At the front counter, she writes her name on the clipboard and stands expectantly. An exhausted-looking Black woman in her thirties glares up from her phone. Her scrubs have a child’s cartoon character on them, some square-shaped thing dancing across her bosom. “Have a seat. We’ll call you.”

Patricia puts on her Benevolent Rich Woman face. “It’s a bit of an emergency.”

The woman raises an eyebrow. “Yeah, that’s why they call it urgent care. Have a seat. Please.”

Patricia doesn’t like the tone, but she sits. There’s a TV high up, too high for anyone to attempt to lower the excruciating volume or change the very annoying channel. Two twin men who look like sex robots are convincing someone to buy a beach house that’s way out of the stated price range. Everyone else in the room is riveted. Patricia is bored. She flicks through her phone, but everything she sees gets on her nerves. She considers picking up one of the few magazines on a corner table, but they’re months out of date and look like they’ve been colonized by a skin disease.

“Ms. Lane?” the woman at the desk finally calls, eleven minutes later.

Patricia walks up there, smiling. “I’m Patricia Lane.”

“Please fill this out. When you bring it up, I’ll make a copy of your insurance card and collect your copay.”

The clipboard is translucent plastic with visible smears of God only knows what. Patricia takes it and a pen with a ragged fabric flower taped to it and goes to sit down. She hasn’t filled one of these out in years—not since she married Randall. She mainly sees Dr.

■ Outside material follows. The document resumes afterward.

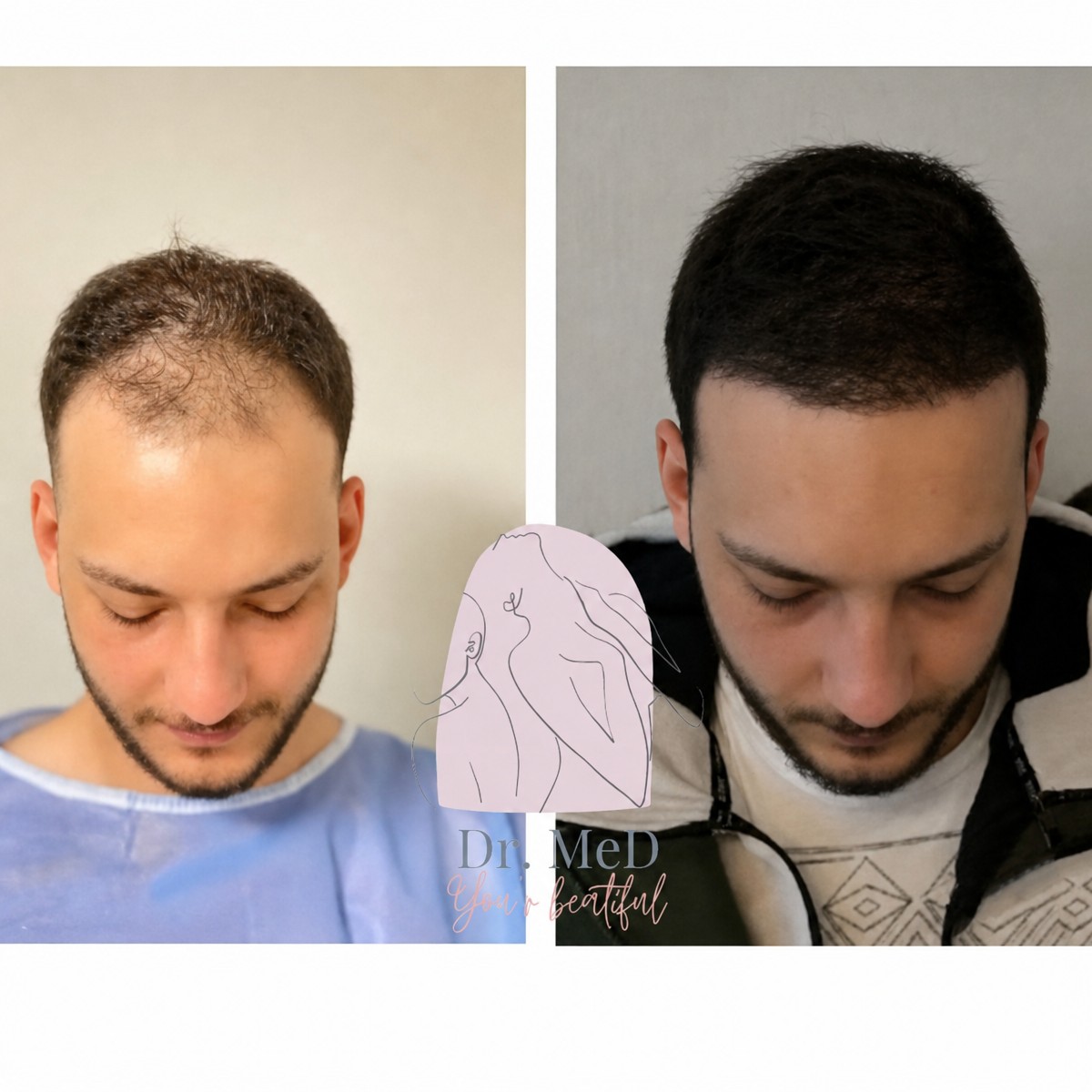 Before and after FUE hair transplant result at Dr. MED – restored hairline and fuller hair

Baird, and anytime she needs a referral, he gets her right in immediately with someone he trusts and has his secretary transfer all her records. Now Patricia has to try to remember her medical history and list all her prescriptions and dig out her insurance card, which probably won’t even work. Ah, well. She’ll cross that bridge when it gets in her way.

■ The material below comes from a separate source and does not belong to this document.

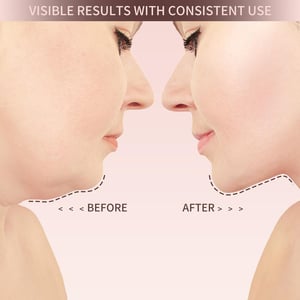 Kalsten | VitaLift – Naturally beautiful at any age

When she returns her clipboard, she hands over her insurance card, too. The woman rolls her chair over to a printer and Patricia waits there, unsure of what to do. She hates this sort of moment, when there isn’t a script for what should occur. The woman pretends she doesn’t exist as she makes copies, writes things down illegibly, and taps at her keyboard with irrationally long nails.

“Is this your only insurance?” the woman asks, squinting.

Patricia smiles. One of the first tricks she learned once she was out in the world on her own was that confidence and a smile could get a pretty woman through most things. “Of course.”

“It’s not pulling up, but the system has been up and down all day. I’m not sure what your copay is yet. We can do that after you see the doctor. You’re up next.”

“Thank you so much. I really do appreciate it.”

At that, the woman smiles, as if she hasn’t been thanked in years.

“It’ll just be a few.”

Patricia doesn’t even wince at the terrible grammar. A few what? She just smiles and sits back down, scrolling through news sites and hoping for giant ice storms in Iceland.